# Fw Ork Half Track And New Decals



## bitsandkits (Mar 18, 2008)

http://www.forgeworld.co.uk/newsletters/Newsletter 215.htm

check out the valkyrie decals, they have huge Aquillas for the wings ,quite like the ork half track too



> Hi There,
> Forge World`s even more of a hive of activity than usual at the moment, and we`ve got loads of surprises on the way for you as well as the imminent arrival of our next Imperial Armour book. But first we have two great new transfer sheets for you, one for the Orks and the other for the Valkyrie and Vulture, as well as the first of what will be a fantastic new range of Forge World models for the Orks, our new Halftrakk kit.
> Thanks
> Alan Bligh
> ...


----------



## Daniel Harper (May 25, 2008)

Thanks for that or I surely would of missed it. Thats a great way for me to make different looking trukks and even some flak trucks. Thanks.


----------



## TheKingElessar (Mar 31, 2009)

Thanks B&K, I was on the FW site, and somehow missed that, though I saw the Valk decals.

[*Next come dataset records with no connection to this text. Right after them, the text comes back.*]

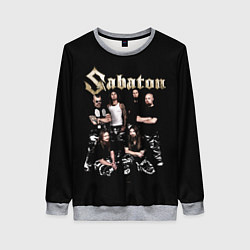 Женский свитшот SABATON САБАТОН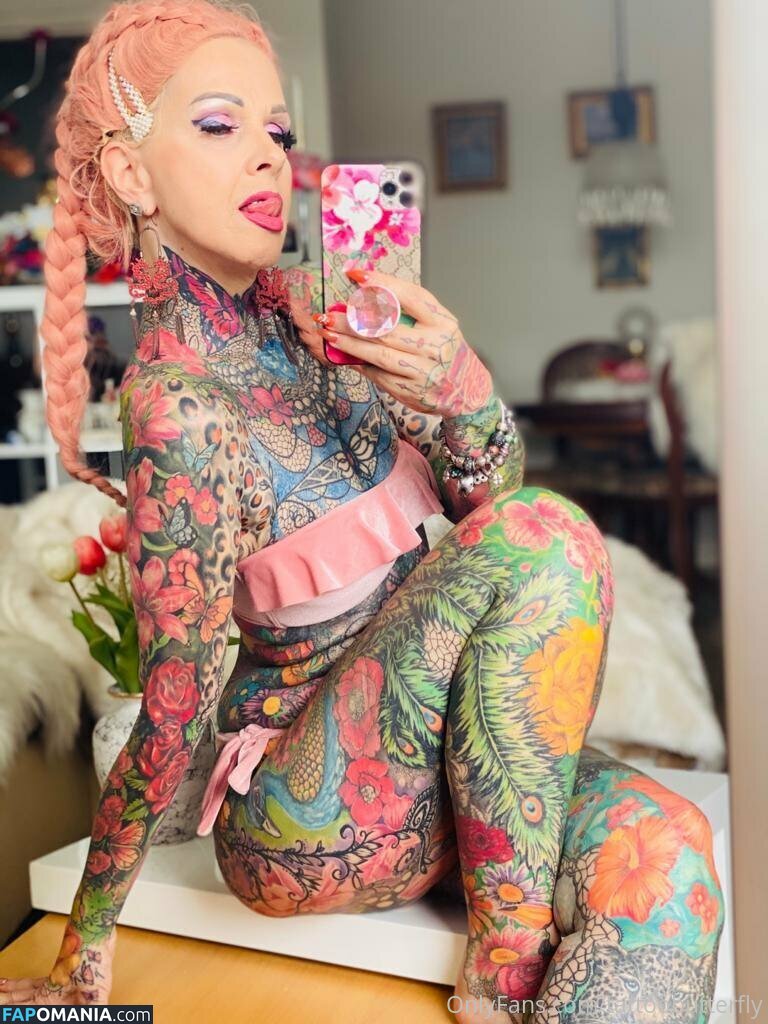 tattoobutterfly Nude OnlyFans  Leaked Photo #23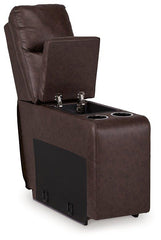 Punch Up Power Reclining Sectional Loveseat with Console - Sanctuary Home Furnishings (CA)*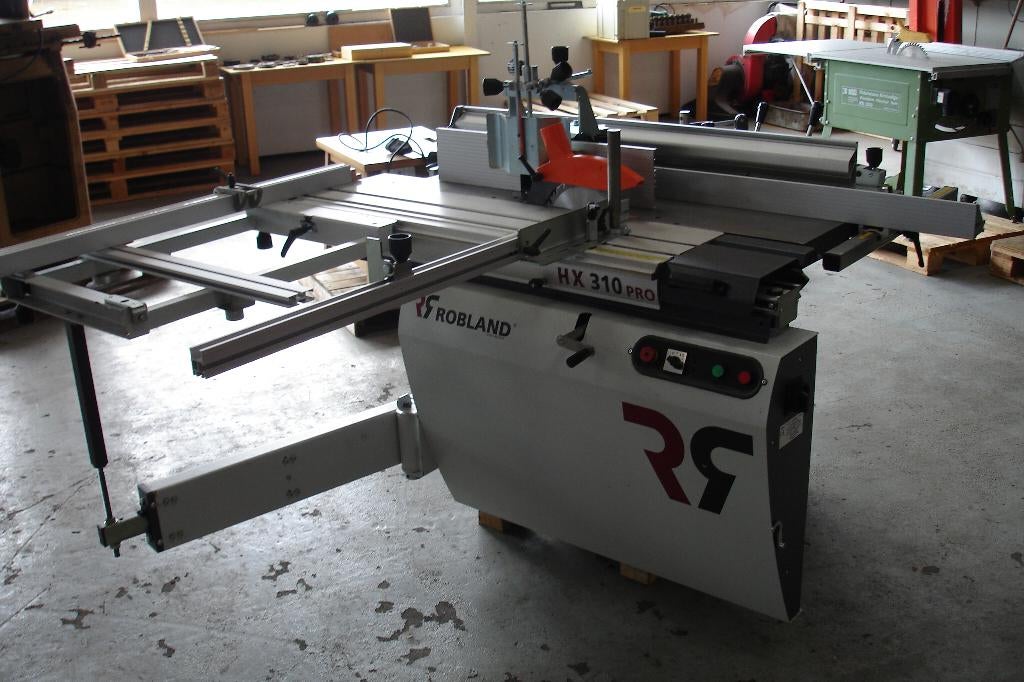 Robland combinatiemachine HX310PRO, 70 mm of meer, Ophalen of Verzenden, Zo goed als nieuw, 1200 watt of meer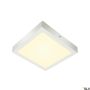 Süllyesztett mennyezeti lámpa SENSER 1003019 3000K 1x15W/LED 1100LM IP20 a SLV-tól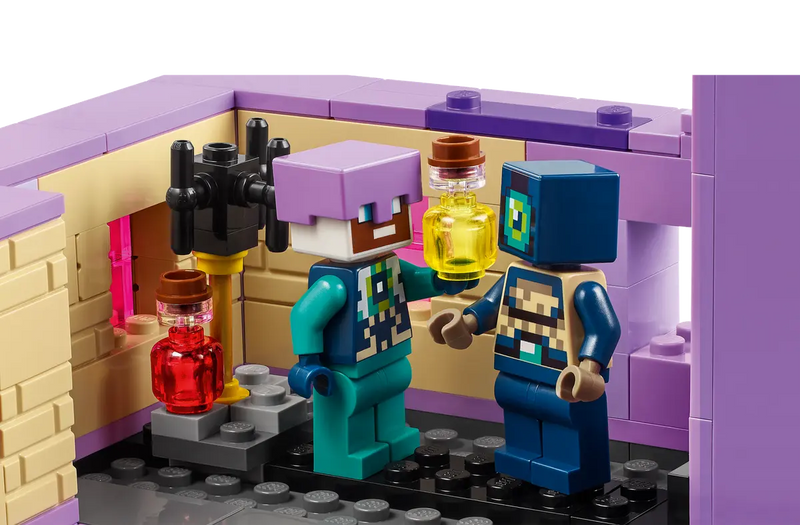 LEGO Minecraft The Ender Dragon And End Ship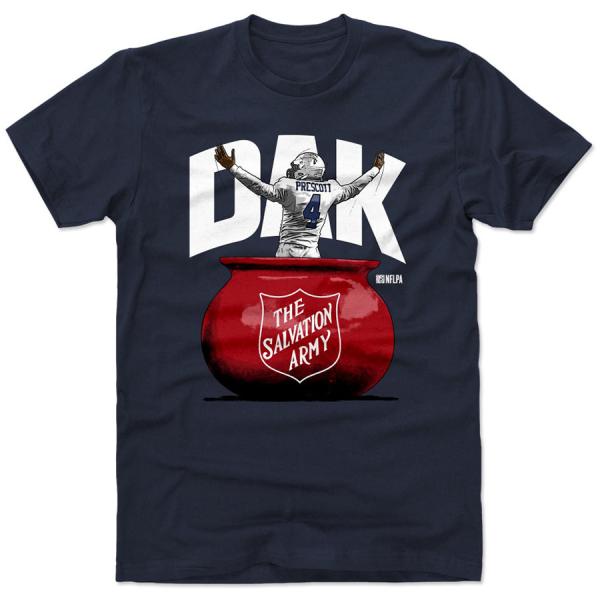 NFL ダック・プレスコット カウボーイズ Tシャツ Dak Prescott The Salvat...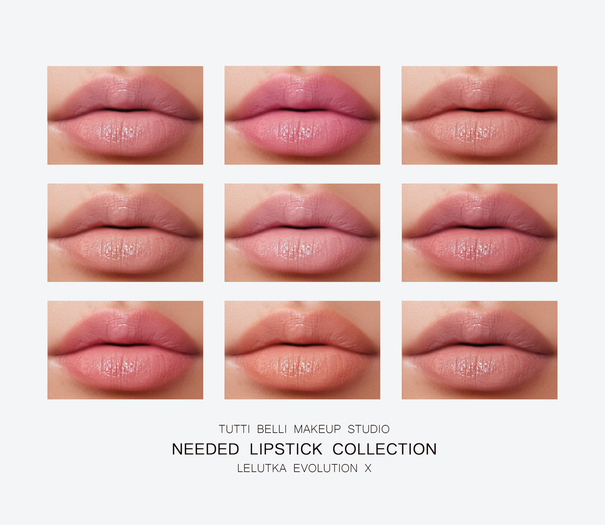 Tutti Belli - 'Needed' Collection (Lelutka Evolution X)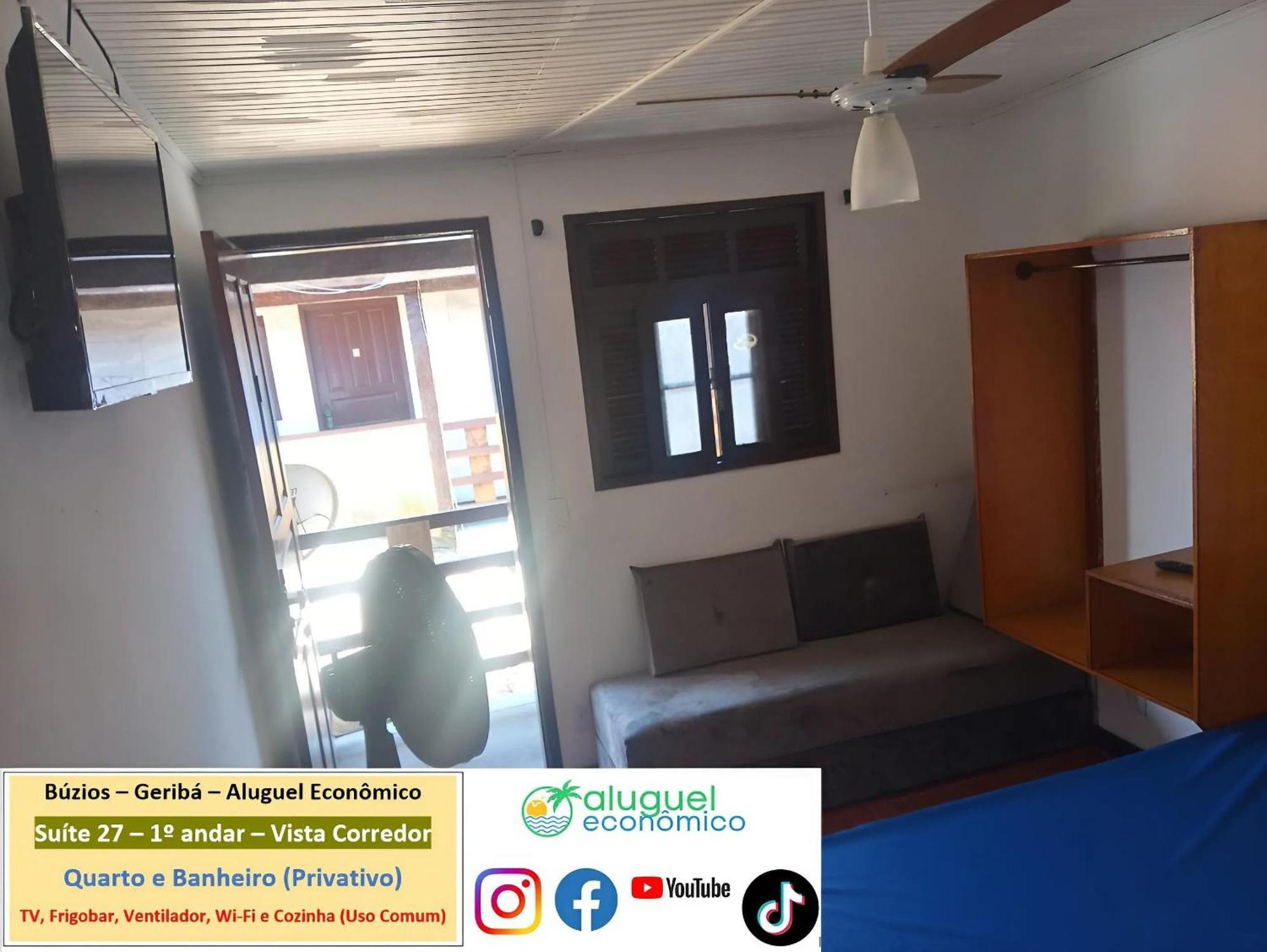 Apartamento Búzios - Geribá - Aluguel Econômico Exterior foto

I reckon the track looks almost identical to the BW one...a little disappointed by that.


----------



## Gog (May 27, 2009)

I love that Trukk, been looking for a way to have a slightly diffrent coupld for some of my new ones and that will do, bring on the Waaghmbulance (painboy trukk) and Shock Attack Trukk


----------



## tu_shan82 (Mar 7, 2008)

Those Valkyrie transfers look fucking amazing, I'm going to have to buy a sheet or two. +Rep for you.


----------



## ultramarine ultramad (Jul 13, 2009)

how do i see the transfers


----------



## normtheunsavoury (Mar 20, 2008)

ultramarine ultramad said:


> how do i see the transfers


Click on the link in the original post then click on the pics.


----------



## morfangdakka (Dec 31, 2006)

hte halftrakks are reallly nicely detailed. I think I will put them on my battlewagons just to give the battlewagons a lot nicer look. THe large ork transfer sheet looks really good as well with a ton of things that will be great for detailing all parts of my army.


----------